A forced gift is no gift at all.


#17

Yes it is. God give’s up His control of your choices so can chose to love (in its fullest sense of complete self donation for the good of another).

If you cannot choose good over evil there would no merit in any of your activity. You would be no better than a virus reacting to the evironment you happen to be in.

I know I have free will because I can, and have done so, choose to do good instead of evil when the evil could be more fun or less effort


#18

[quote="aprilfloyd, post:15, topic:318438"]
The catholic jury, can't decide this point. It is meaningless to say that. It's like saying the catholic jury has decided gravity does not exist

[/quote]

So you say. On what basis?. Sound like a major case of unsubstantiated hand waving.


#19

No, I understand where you are coming from. In fact I knew this is what you were going to say in response to my own.

My apologies if I have or am making you feel as if your view is unimportant, but your statements do not answer the main question of the thread. The thread is about “why” did God allow free will, not “is there a God and did God give us freewill”? You should start another thread if those are the points you want to raise.

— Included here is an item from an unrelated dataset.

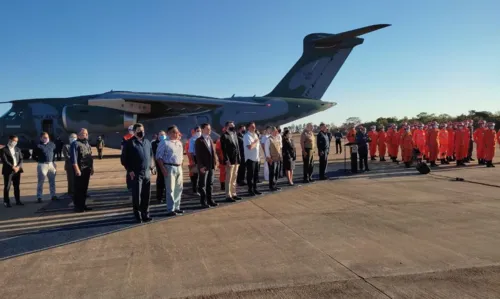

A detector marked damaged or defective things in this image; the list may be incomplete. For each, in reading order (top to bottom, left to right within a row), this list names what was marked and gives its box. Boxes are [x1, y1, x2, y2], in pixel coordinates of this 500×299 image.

Netiquette teaches that we should stay on the point of a thread. Those who don’t are said to be “hijacking” the thread. Some call these people “trolls.” The netiquette view is that such persons just want to push their personal agenda (i.e., no such thing as free will if it is granted by a so-called God) that is contrary to view of the one who posted the original thread question (i.e., God is believed in, but “why” free will). I trust you are not such a “troll,” but just made a mistake against the rules of this forum and common social online practice.

My reply was written in attempt to keep the discussion on track, with the “given” that there is a God and God gave us free will. To argue whether there is a God and/or if what we have is free will would be to ignore the thread’s original intention.


#20

AprilFloyd,
Imagine, hypothetically, that genetic engineering became legal and commonplace in the morning. Say it was accepted in society that you could modify your children’s DNA to make the “perfect” child. You could receive a checklist on what you wished your child to have, and say “complete obedience” was an item on the list. By ticking that box you are choosing for your child not to have free will. By not ticking it you are surely gifting them free will, surely.